Usually, recommendation system take into consideration your previous choices. For instance, let's see userId 329:

In [406]:
ratings.query('userId == 329').head(5)

Unnamed: 0,userId,movieId,rating,timestamp
50925,329,50,2.0,1523468332
50926,329,318,2.0,1523468325
50927,329,593,2.0,1523468340
50928,329,750,3.0,1523468346
50929,329,778,4.5,1523468384


We know, for instance, that this person watched movies 50, 318, 593, 750, and 778, which are:

In [407]:
movies.query('movieId in [50, 318, 593, 750, 778]')

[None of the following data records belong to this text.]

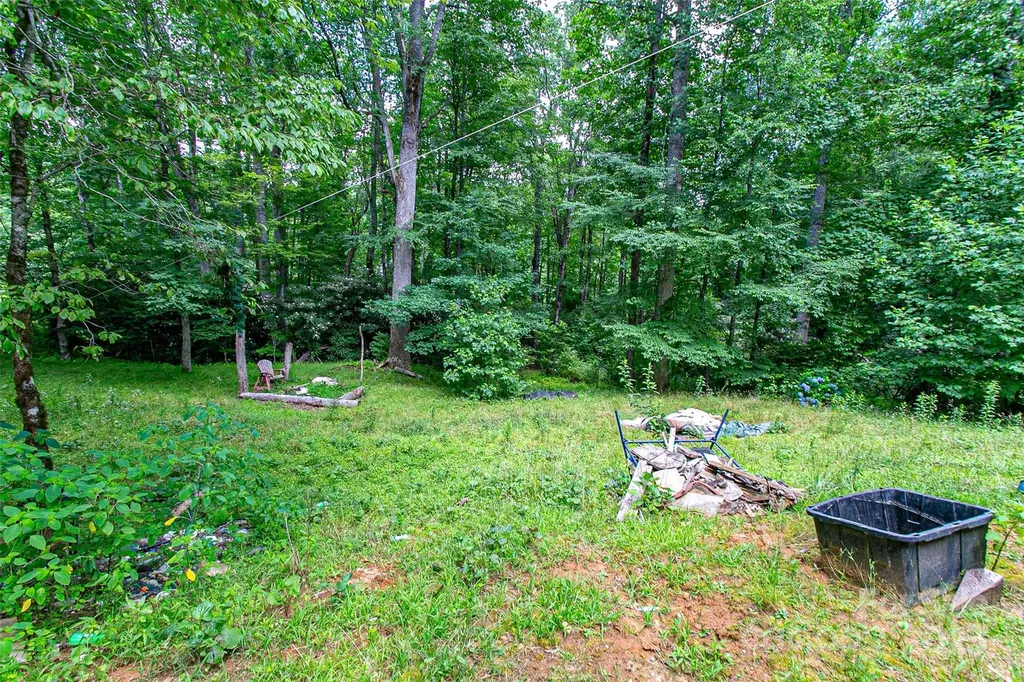 164 Horseplay Lane Lake Toxaway NC 28747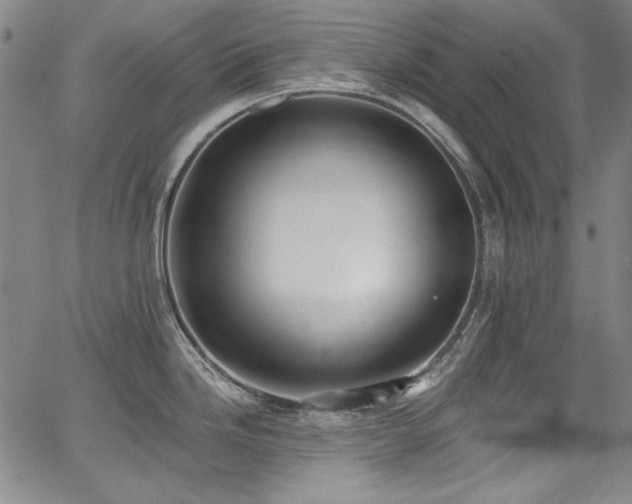 X0000068311246200604211156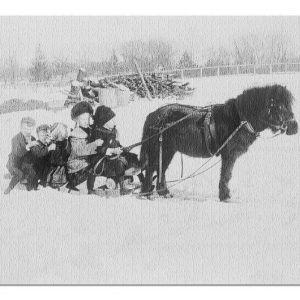 Children On Pony Drawn Sled In Back & White Jigsaw Puzzle Set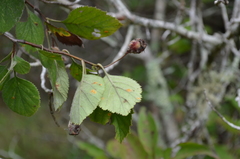 Crataegus triflora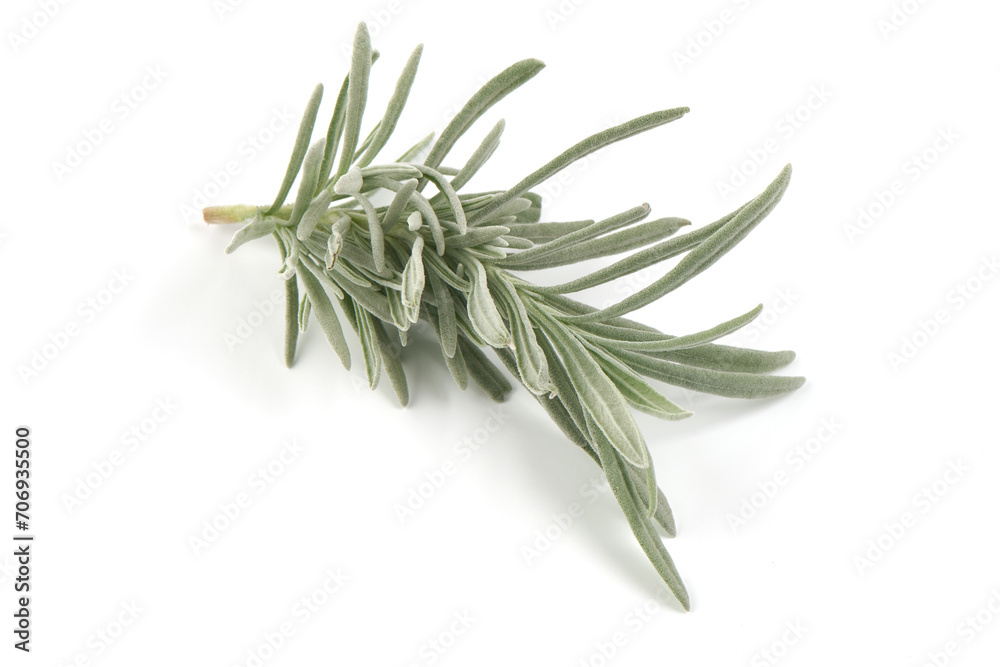 Fototapeta premium Lavender twig spice, isolated on white background.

Unnamed: 0,movieId,title,genres
46,50,"Usual Suspects, The (1995)",Crime|Mystery|Thriller
277,318,"Shawshank Redemption, The (1994)",Crime|Drama
510,593,"Silence of the Lambs, The (1991)",Crime|Horror|Thriller
602,750,Dr. Strangelove or: How I Learned to Stop Worr...,Comedy|War
613,778,Trainspotting (1996),Comedy|Crime|Drama


Nice! Notice that we have the genres of these movies. What if we tried to recommend movies with the same genres? Let's try to get the movies from the Crime|Drama genre:

In [408]:
recommendation_1 = popularity.query("genres == 'Crime|Drama' and Count > 50").sort_values(by = 'Avg_Rating', ascending = False).set_index('movieId')
recommendation_1

Unnamed: 0_level_0,title,genres,Count,Avg_Rating
movieId,Unnamed: 1_level_1,Unnamed: 2_level_1,Unnamed: 3_level_1,Unnamed: 4_level_1
318,"Shawshank Redemption, The (1994)",Crime|Drama,317,4.429022
858,"Godfather, The (1972)",Crime|Drama,192,4.289062
1221,"Godfather: Part II, The (1974)",Crime|Drama,129,4.25969
1213,Goodfellas (1990),Crime|Drama,126,4.25
2329,American History X (1998),Crime|Drama,129,4.217054
3147,"Green Mile, The (1999)",Crime|Drama,111,4.148649
16,Casino (1995),Crime|Drama,82,3.926829
5989,Catch Me If You Can (2002),Crime|Drama,115,3.921739
55820,No Country for Old Men (2007),Crime|Drama,64,3.898438
36,Dead Man Walking (1995),Crime|Drama,67,3.835821


Nice! Also, let's remove the movies this person has already saw:

In [409]:
recommendation_1.drop(ratings.query('userId == 329').movieId, errors = 'ignore', inplace = True)
recommendation_1.head( )

Unnamed: 0_level_0,title,genres,Count,Avg_Rating
movieId,Unnamed: 1_level_1,Unnamed: 2_level_1,Unnamed: 3_level_1,Unnamed: 4_level_1
1221,"Godfather: Part II, The (1974)",Crime|Drama,129,4.25969
1213,Goodfellas (1990),Crime|Drama,126,4.25
2329,American History X (1998),Crime|Drama,129,4.217054
3147,"Green Mile, The (1999)",Crime|Drama,111,4.148649
16,Casino (1995),Crime|Drama,82,3.926829


Nice! Based on this, we can recommend the Godfather: Part II to our user. Note that, here, we considered some information about our user to make this recommendation. Thus, knowing a popular genre my user likes, we can recommend other movies from that genre.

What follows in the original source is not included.